Repeat the span of the entries below that starts at the line with "Full-length studio portrait" and ends at the line with "Lanolips 101 Ointment", nothing more. Skip the pictures.

# Data records
========================
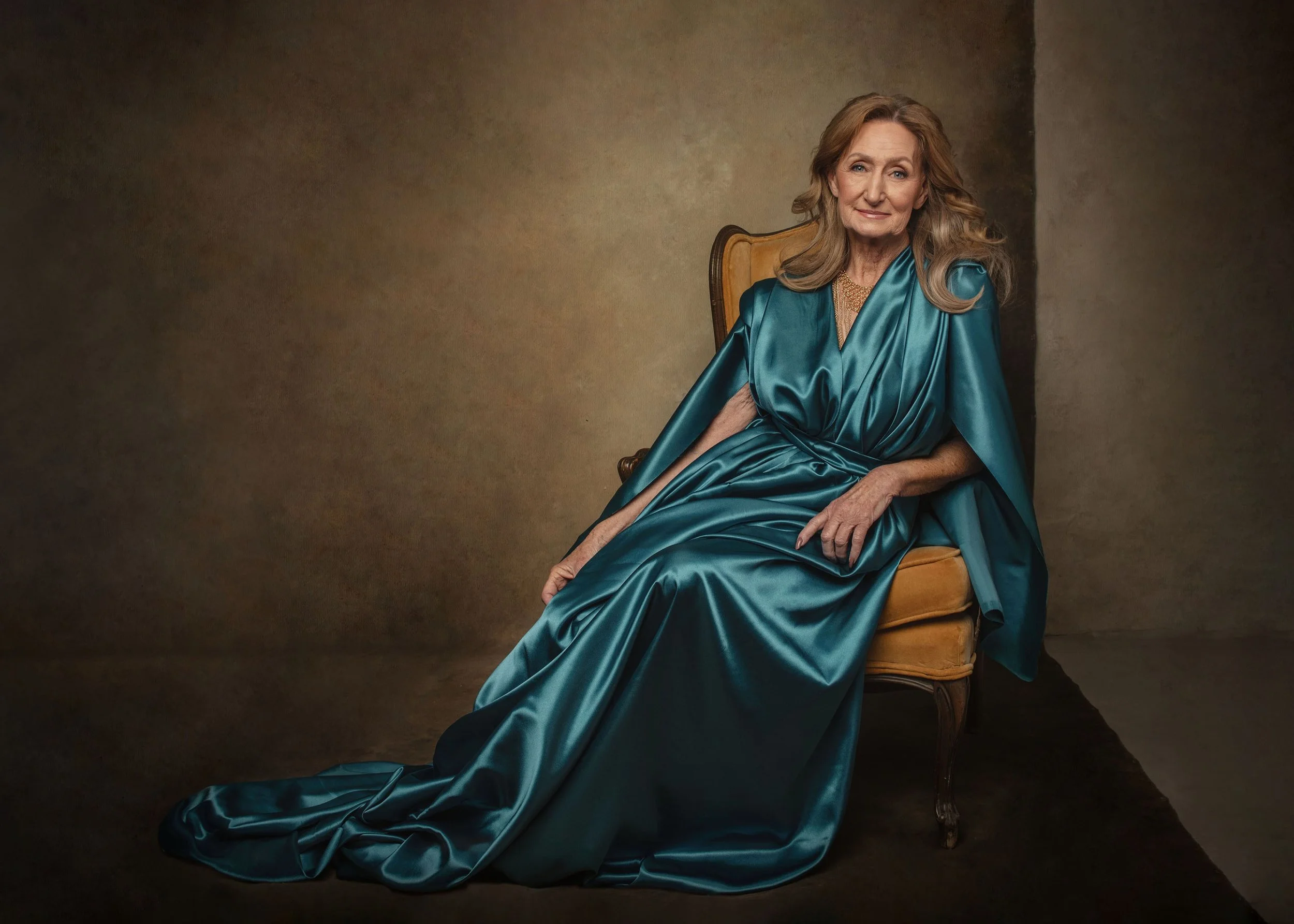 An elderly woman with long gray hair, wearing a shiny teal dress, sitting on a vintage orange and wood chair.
========================
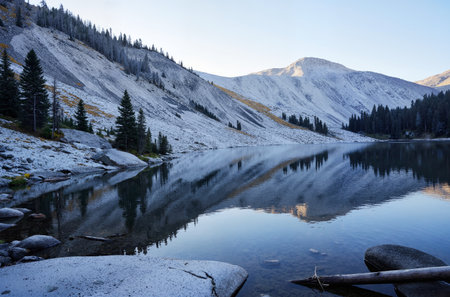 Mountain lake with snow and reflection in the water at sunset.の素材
========================
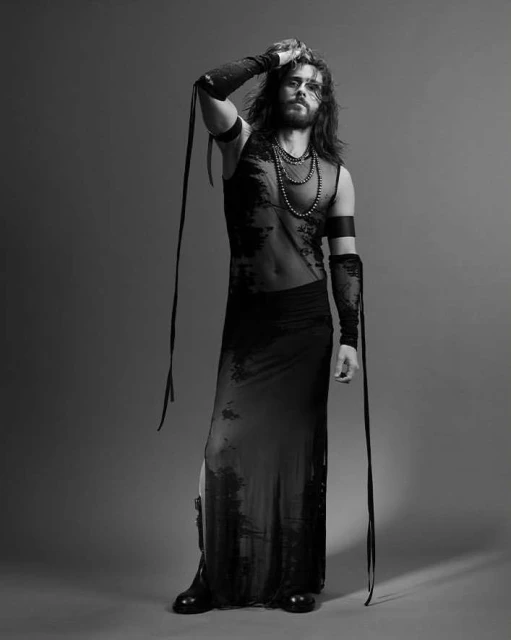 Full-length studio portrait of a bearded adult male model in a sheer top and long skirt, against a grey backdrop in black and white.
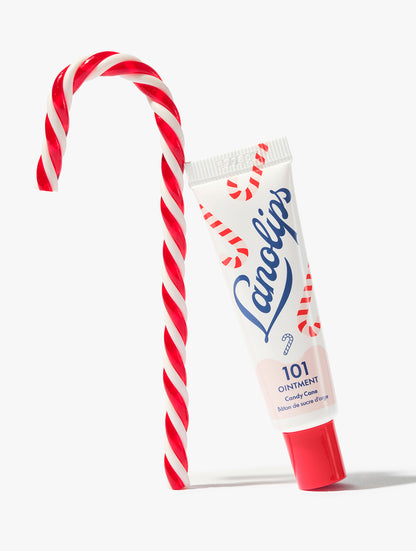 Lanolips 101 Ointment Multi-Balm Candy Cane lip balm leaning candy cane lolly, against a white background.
========================
# Exercise result
 Full-length studio portrait of a bearded adult male model in a sheer top and long skirt, against a grey backdrop in black and white.
 Lanolips 101 Ointment Multi-Balm Candy Cane lip balm leaning candy cane lolly, against a white background.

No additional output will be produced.